Antisemitism Rears Its Ugly Head
Disgusting Tattoo Artist Says Gaza is The New Auschwitz
A controversial tattoo merging the Gaza Strip with Auschwitz survivor Yehiel De-Nur’s prisoner number 135633 has sparked outrage online, with critics denouncing it as Holocaust distortion and a politicized appropriation of Jewish suffering amid the ongoing Gaza conflict.

A provocative tattoo design featuring the outline of the Gaza Strip encircling the Auschwitz prisoner number 135633 has ignited fierce backlash online, with critics decrying it as a blatant distortion of Holocaust history for political activism. The image, which surfaced on social media earlier this week, depicts the infamous concentration camp identification number, originally inked on Jewish survivor and author Yehiel De-Nur, integrated into a map-like silhouette of the Gaza enclave, drawing accusations of equating Nazi atrocities with Israel's ongoing military operations in the region.

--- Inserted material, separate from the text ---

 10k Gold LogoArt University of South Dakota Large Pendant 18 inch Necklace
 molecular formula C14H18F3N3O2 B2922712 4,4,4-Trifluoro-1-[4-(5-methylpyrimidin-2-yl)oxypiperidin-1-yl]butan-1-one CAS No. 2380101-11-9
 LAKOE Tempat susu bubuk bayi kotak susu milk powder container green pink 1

The tattoo belongs to an unnamed individual who already had the number 135633 etched on their arm as a personal tribute to De-Nur, known by his pen name Ka-Tzetnik 135633. De-Nur, a prominent Holocaust chronicler whose works like House of Dolls exposed the horrors of Auschwitz, collapsed during his 1961 testimony at Adolf Eichmann's trial in Jerusalem, overwhelmed by the weight of his memories.

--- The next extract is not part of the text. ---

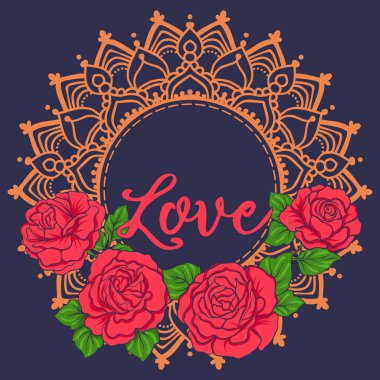 Nakış bllu jiens arka plan üzerinde kırmızı Güllü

The tattoo artist, whose shop has been fundraising for Gaza aid, added the Gaza outline around the existing number, framing it as a "statement piece" in solidarity with Palestinians amid the war.

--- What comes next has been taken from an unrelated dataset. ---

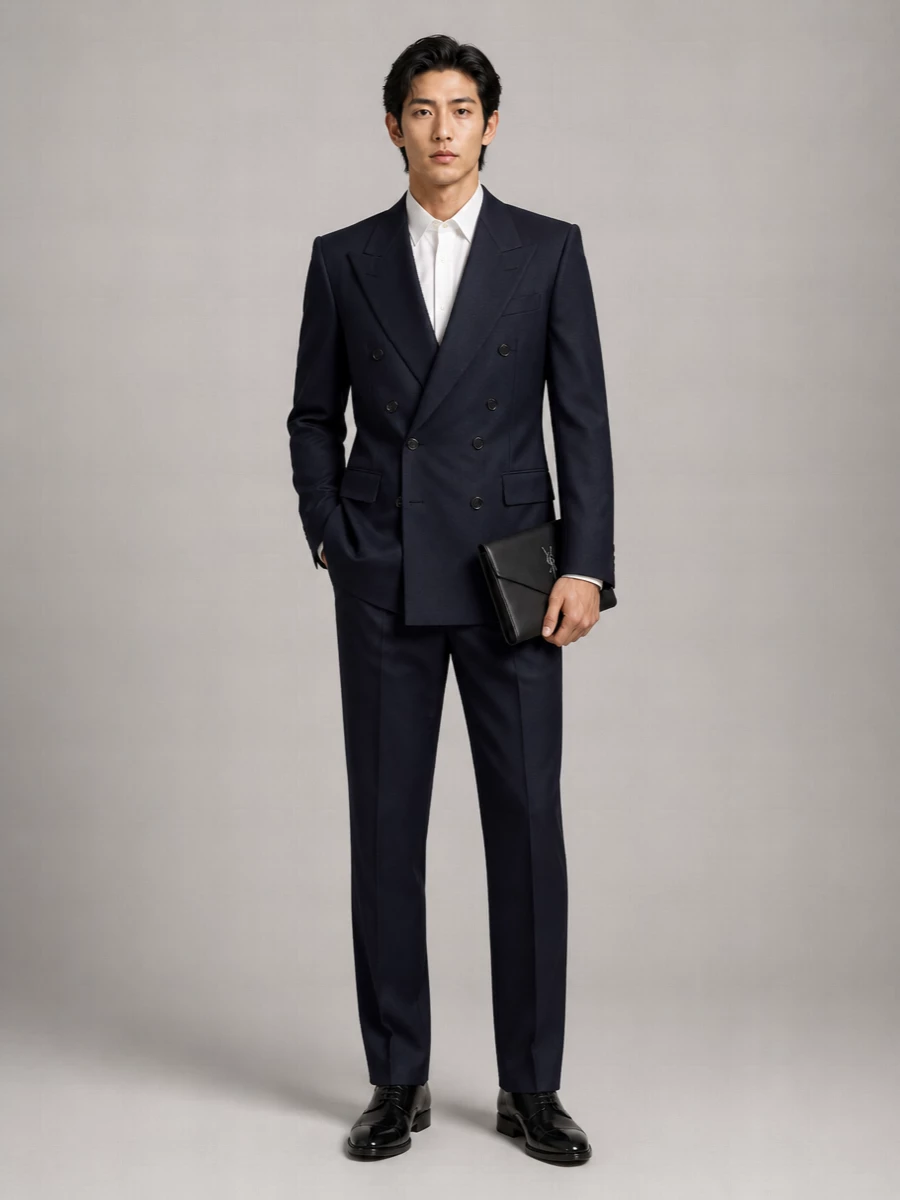Saint Laurent Wool Double-Breasted Long Coat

The design quickly went viral after being shared on Instagram recently prompting widespread condemnation from Jewish advocates and historians. Israeli commentator Hen Mazzig labeled it "beyond outrageous," arguing it exploits indelible symbols of Jewish suffering to advance an anti-Israel narrative. In a blistering op-ed for The Times of Israel* published September 23, Michael Kuenne described the tattoo as "a desecration beyond words," noting how it trivializes De-Nur's dehumanization, where the number signified impending death in the gas chambers, for "activist body art."
Kuenne invoked the International Holocaust Remembrance Alliance (IHRA) definition of Holocaust distortion, which encompasses any misappropriation of the genocide for political ends. "It takes the sacred memory of Jewish suffering and twists it into a propaganda tool, placing Hamas-controlled Gaza in the role of Auschwitz’s victims and casting Israel as Nazi Germany," he wrote. The piece highlighted De-Nur's Zionist legacy and his role in bearing witness to the murder of six million Jews, underscoring the tattoo's failure to grapple with the historical specificity of the Shoah.
Defenders of the tattoo, including some Palestinian supporters, have (stupidly) argued that the number was a pre-existing memorial unrelated to Nazi branding and that the Gaza addition symbolizes shared themes of displacement and resilience. However, these claims have done little to quell the uproar, with social media flooded by posts calling for the artist's accountability and broader reflection on the ethics of symbolic activism.
This incident is not isolated; it echoes past controversies over Holocaust imagery in the Israel-Palestine discourse, from distorted comparisons in protests to debates over educational tools mimicking Auschwitz tattoos. As the Gaza war grinds on, the tattoo serves as a stark reminder of how raw historical wounds are wielded in contemporary battles.
This tattoo cynically hijacks the eternal scar of Auschwitz, a mark of systematic extermination inflicted on innocents, to score points in a modern geopolitical feud. By grafting Gaza's outline onto 135633, it doesn't honor suffering; it cheapens the unparalleled evil of the Holocaust, reducing six million murdered souls to a disposable prop in a propaganda stunt that dishonors both De-Nur's legacy and the imperative to confront history without distortion.